PROBLEM DESCRIPTION –
Could you copy every entry exactly, dropping the pictures?
*** Block opens ***
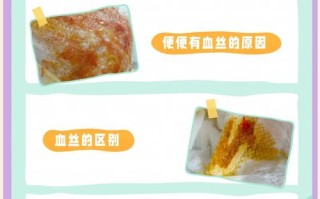 新生儿血液细菌感染严重吗？早期治疗能治愈吗？对宝宝未来健康有影响吗？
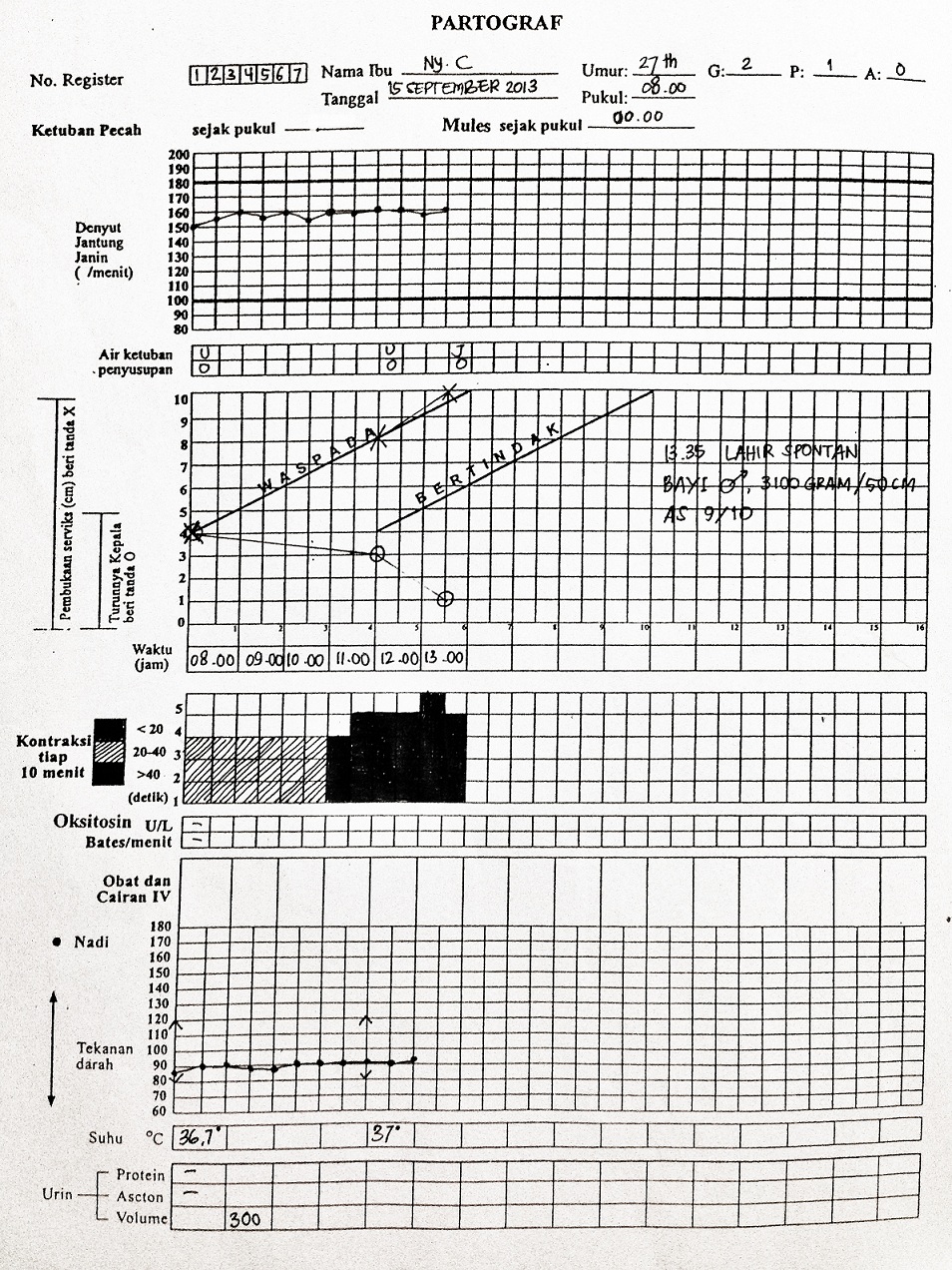 Detail Contoh Soal Partograf Dan Gambarnya Nomer 10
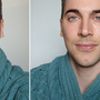 Amélioration du visage : questions et avis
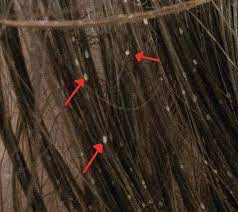 Trichomycosis nodularis or trichosporonosis nodosa. Hair Breakage And Spontaneous Hair Loss In 2 Sailors Aboard An Aircraft Carrier Consultant360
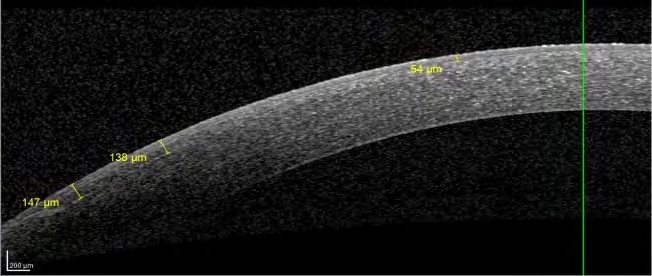 Figure 12: crosslinked cornea 1 month post-operative: traces of the demarcation line with disappearance of flap hinge hyper reflectivity.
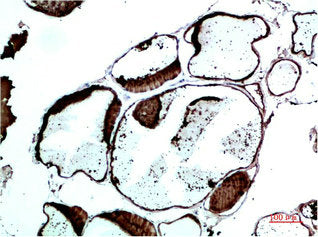 TTR Monoclonal Antibody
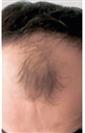 Hair Transplant - Estethica Surgical Medical Center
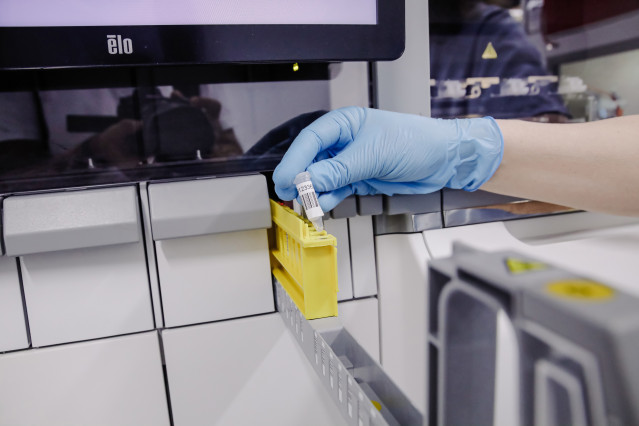 Archivo - Una técnico de laboratorio extrae el material genético del virus de la viruela del mono, en el Hospital Ramón y Cajal, a 30 de mayo de 2022, en Madrid (España). La Comunidad de Madrid empieza hoy a realizar en cinco hospitales públicos de la reg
*** Block closes ***
ANSWER TO THE PROBLEM –
 新生儿血液细菌感染严重吗？早期治疗能治愈吗？对宝宝未来健康有影响吗？
 Detail Contoh Soal Partograf Dan Gambarnya Nomer 10
 Amélioration du visage : questions et avis
 Trichomycosis nodularis or trichosporonosis nodosa. Hair Breakage And Spontaneous Hair Loss In 2 Sailors Aboard An Aircraft Carrier Consultant360
 Figure 12: crosslinked cornea 1 month post-operative: traces of the demarcation line with disappearance of flap hinge hyper reflectivity.
 TTR Monoclonal Antibody
 Hair Transplant - Estethica Surgical Medical Center
 Archivo - Una técnico de laboratorio extrae el material genético del virus de la viruela del mono, en el Hospital Ramón y Cajal, a 30 de mayo de 2022, en Madrid (España). La Comunidad de Madrid empieza hoy a realizar en cinco hospitales públicos de la reg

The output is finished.